Dataset.
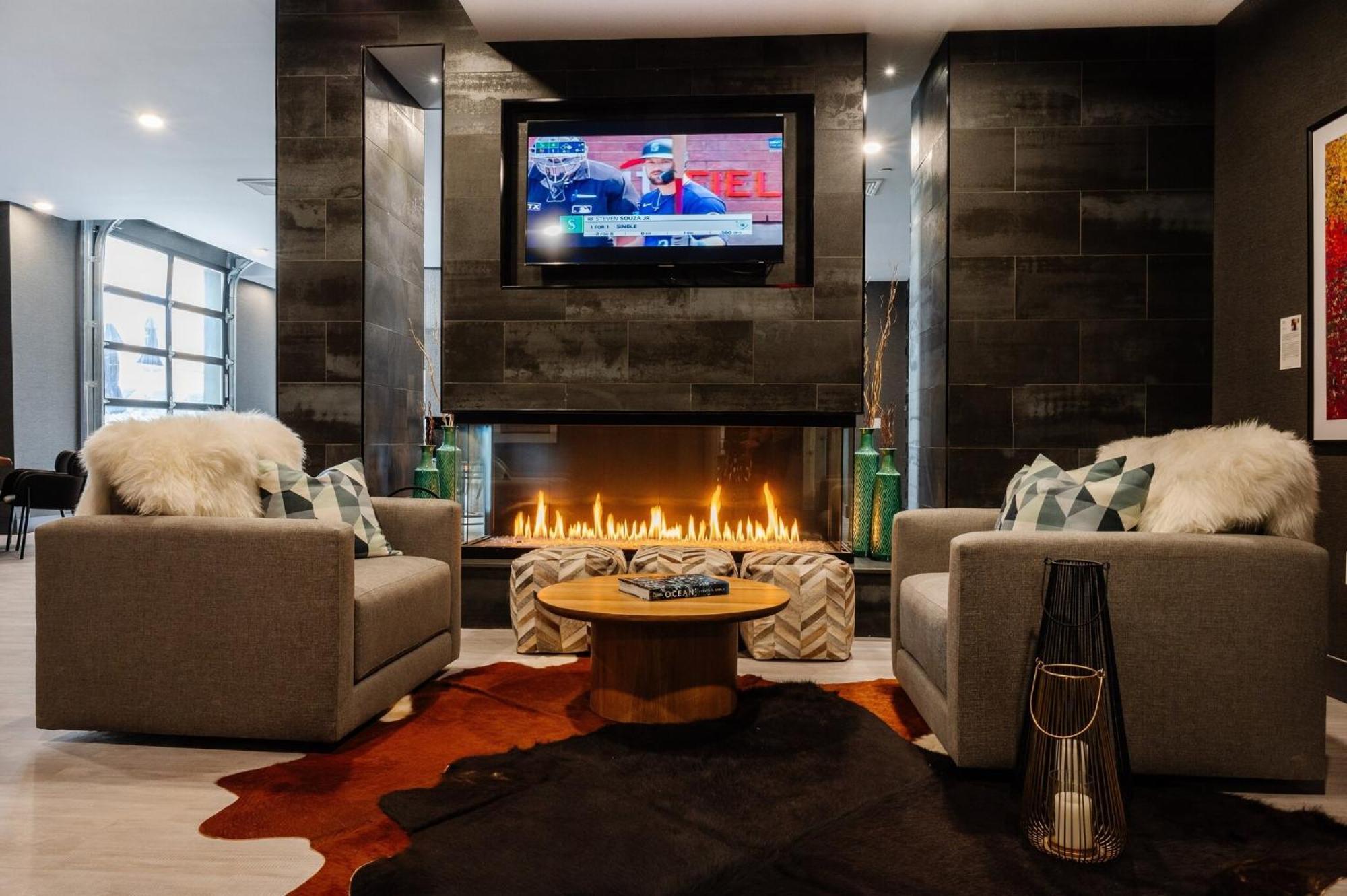 Luxury Apartments By Hyatus At Pierpont 뉴헤이번 외부 사진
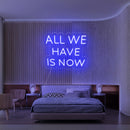 Let's Party Enseigne Néon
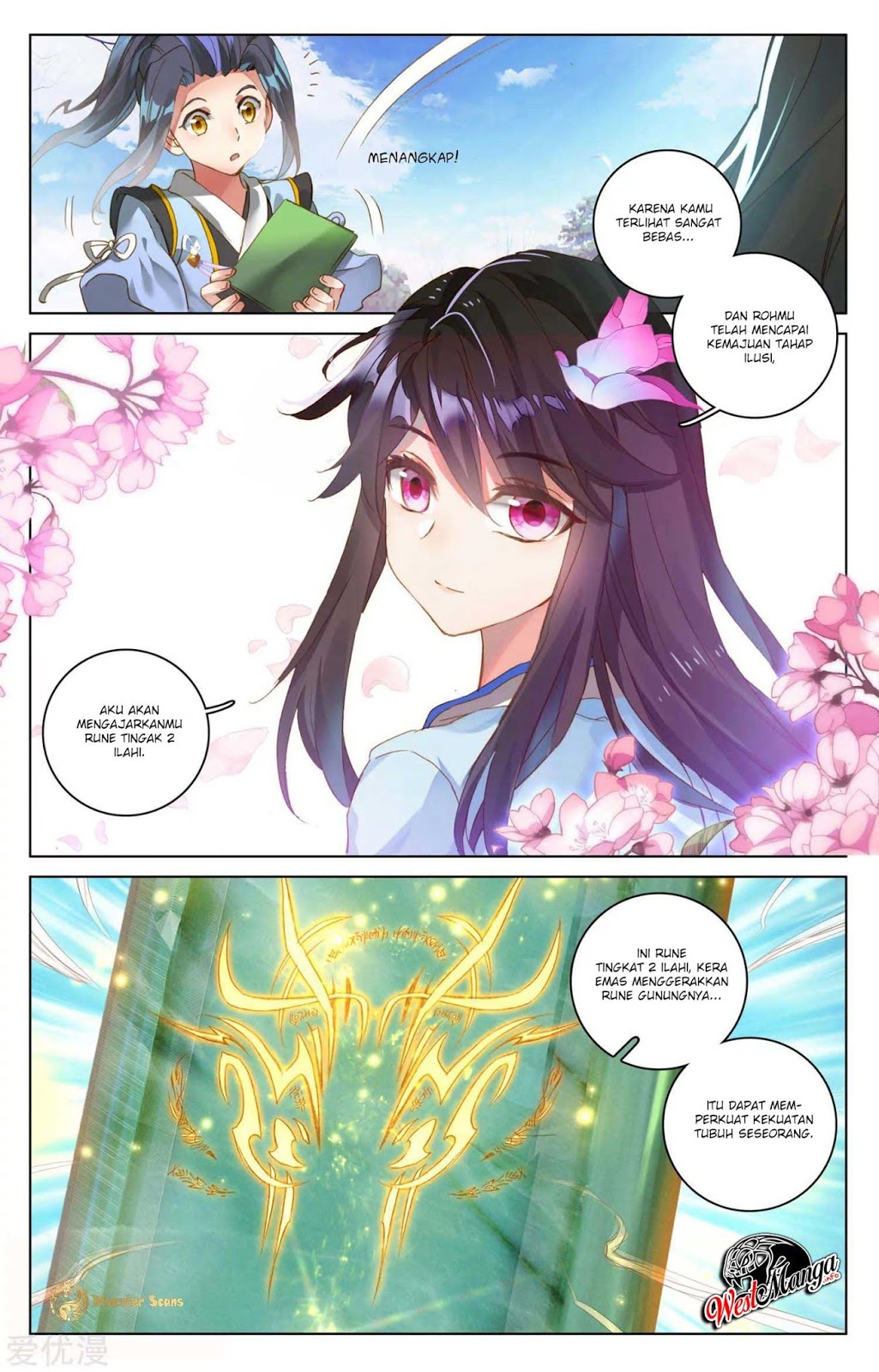 Yuan Zun Chapter 48.5 - halaman 3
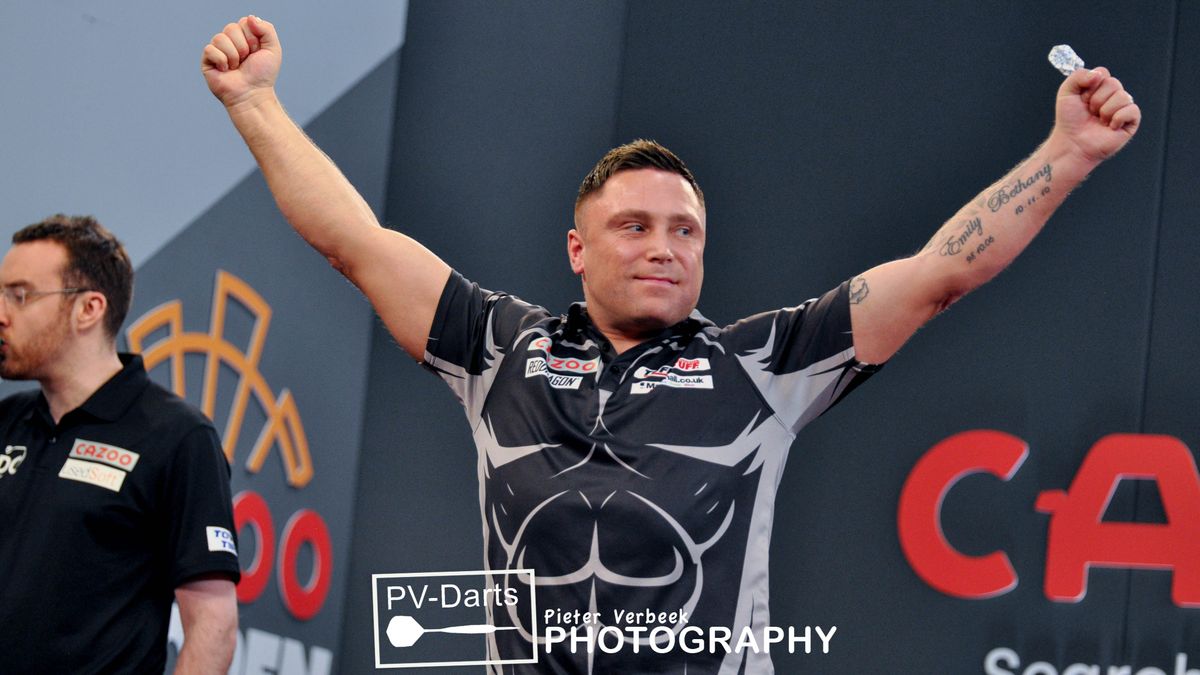 Tournament centre 2022 UK Open Darts Schedule, results, prize money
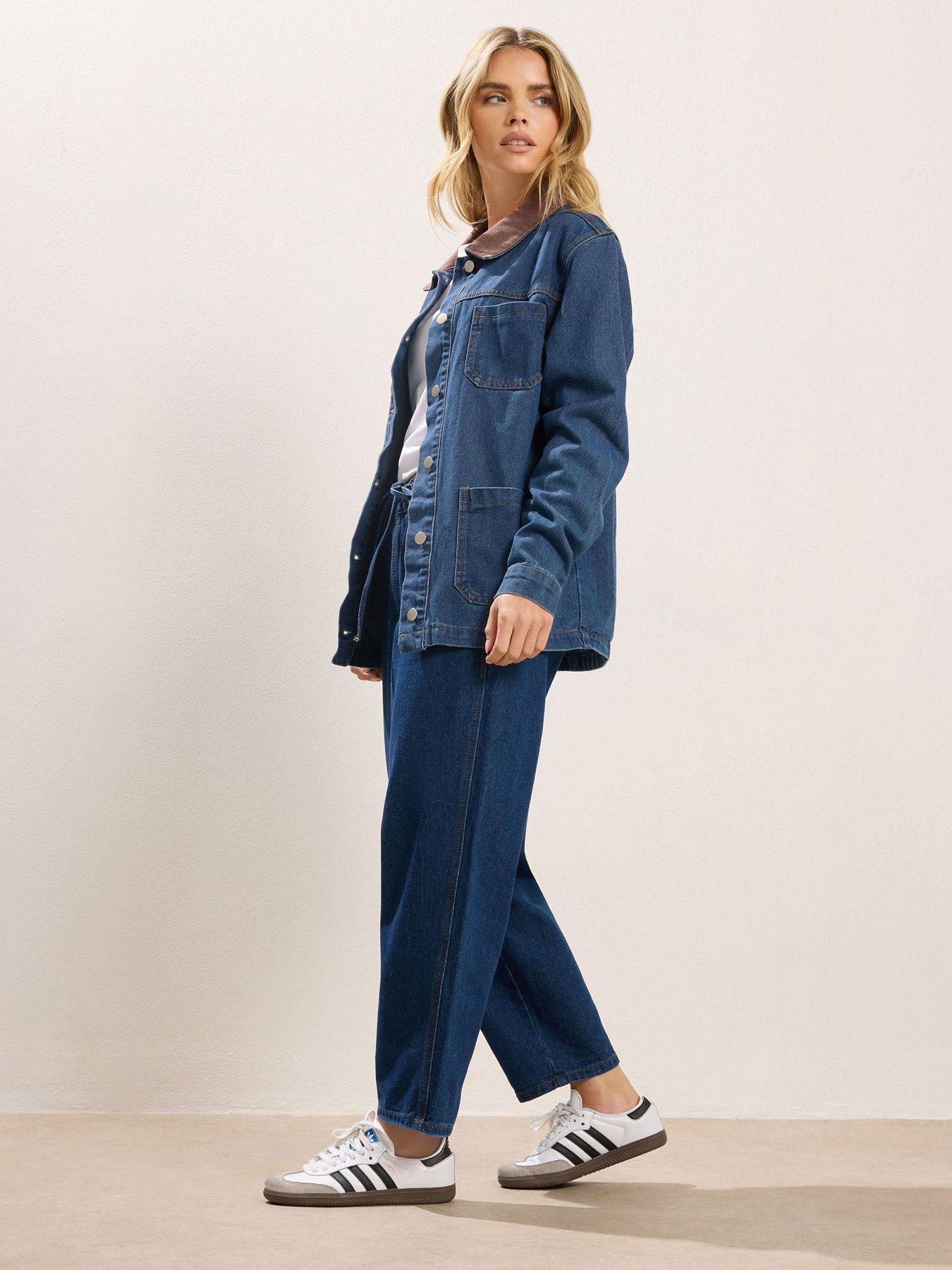 pixiegirl-petite-contrast-collar-shacketback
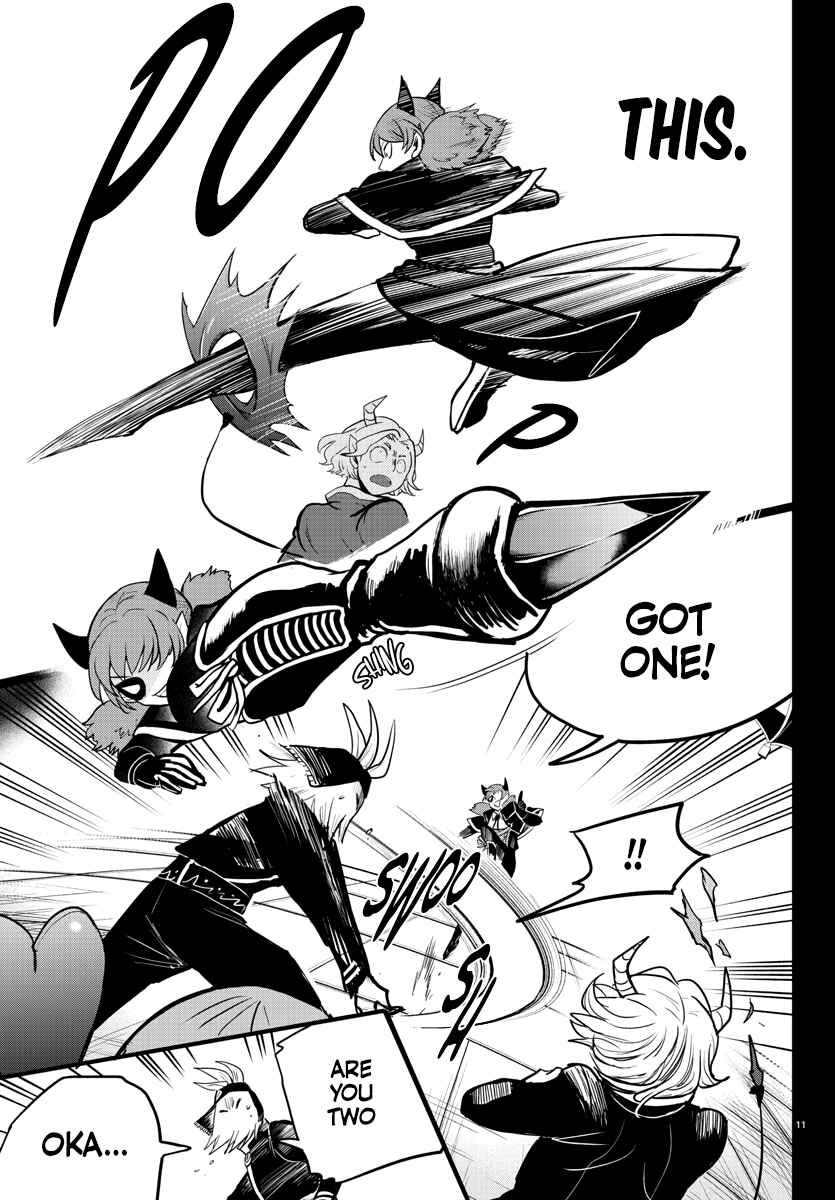 Page 11 Chapter 272 Mairimashita! Iruma-kun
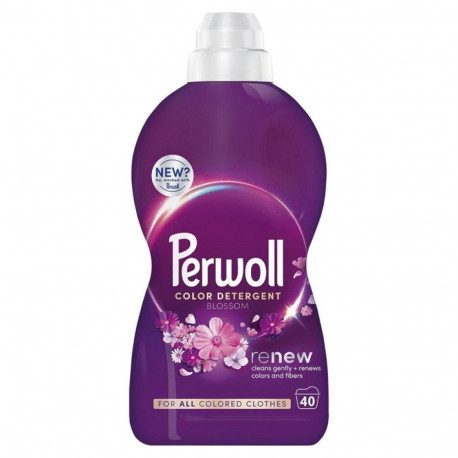 Pesuvedelik Perwoll Blossom 40W 2L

Task instructions. Copy the line showing "Yuan Zun Chapter 48.5 - halaman 3" exactly, along with each line after it through the end of the material above. Pictures stay out.

Exercise output.
 Yuan Zun Chapter 48.5 - halaman 3
 Tournament centre 2022 UK Open Darts Schedule, results, prize money
 pixiegirl-petite-contrast-collar-shacketback
 Page 11 Chapter 272 Mairimashita! Iruma-kun
 Pesuvedelik Perwoll Blossom 40W 2L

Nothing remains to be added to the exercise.